Ну и что? У каких «савонарол», «томасов моров» и «кампанелл» повернется язык осудить его за все эти слова? Выделить их из общего, смелого и достойного, текста его защитной речи? Из всей формы его поведения?..

И ещё один вопрос — пожалуй, для меня главный, — его задал в своем письме № 63 сам Юлий, и я задаю его себе: отчего два года с лишним я не писал ему? Отчего?.. Ругал себя, пилил, осуждал, занимался самоедством, чуть ли не мазохизмом (хотя не получал от него ровно никакого удовольствия, поскольку он не был связан с сексом) — однако упорно не вступал в переписку, не пытался выяснить наши отношения?

Ох, если бы я услыхал, увидел, прочитал раньше те несколько слов, которые он написал, когда в 63-й раз прибегнул к эпистолярному способу изложения своих мыслей! Если бы я не придавал столько значения воображаемой или действительной атмосфере, в нагнетании которой, возможно, повинен отчасти и сам. Если бы загодя не надувал губы, не ударялся в амбицию, не страшился, что не получу ответа; если не был бы так уверен, что Юлька целиком и полностью на стороне своих железных «савонарол»!..

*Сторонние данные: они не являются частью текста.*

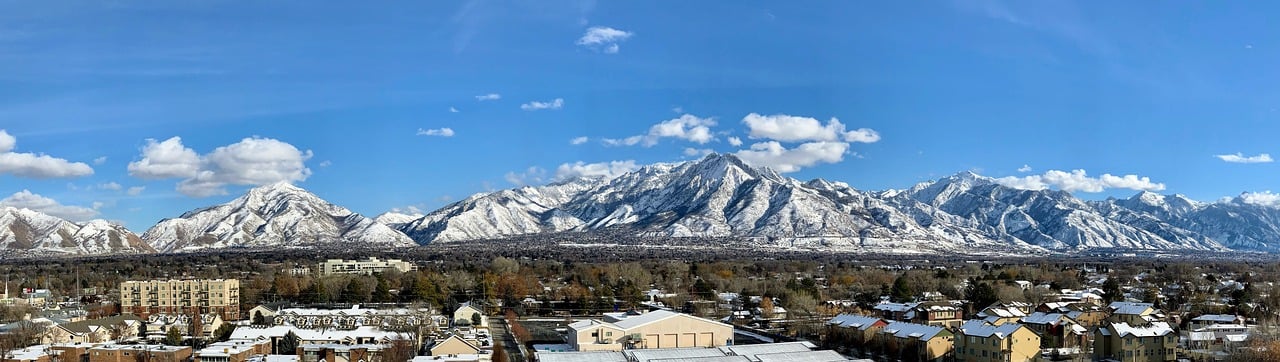 Salt Lake City Utah downtown skyline Wasatch Mountains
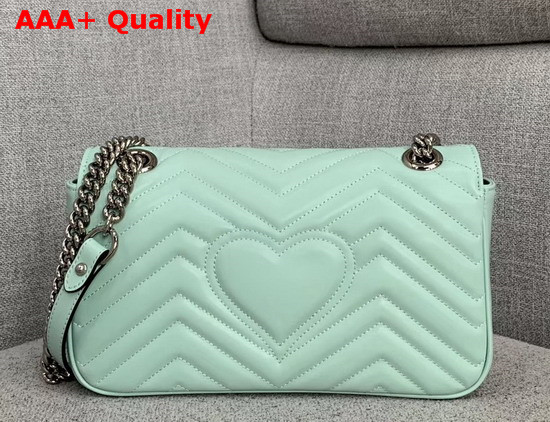 Gucci GG Marmont Small Shoulder Bag in Pastel Green Leather 443497 Replica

Наверное, не случайно я уже не один раз упоминаю эту звучную фамилию итальянского монаха, обладателя которой не упрекнешь в нехватке максимализма, граничащего с фанатизмом. Фамилия крепко застряла у меня в голове, и, да простит меня Бог, я относил её порою к некоторым моим близким знакомым, даже к друзьям, попутно вспоминая и о жертвах, которые у этих правдолюбцев, как и у знаменитого францисканца, были. Не могли не быть.

Но всё имеет обратную сторону — и стойкость с неколебимостью тоже: и потому носители этих «савонарольих» черт с течением времени могут обратиться друг против друга, начать ссориться, отдаляться один от другого. Что и происходило почти на моих глазах — когда разрывались крепкие связи: Синявские — Воронели, Воронели — Даниэли, Богораз — Розанова (Синявская)… И поводом зачастую становились мелочи, которые не шли ни в какое сравнение с сущностью этих людей, с тем, что иные из них сделали на пользу той самой свободы, что чуть не каждым смертным понимается по-своему.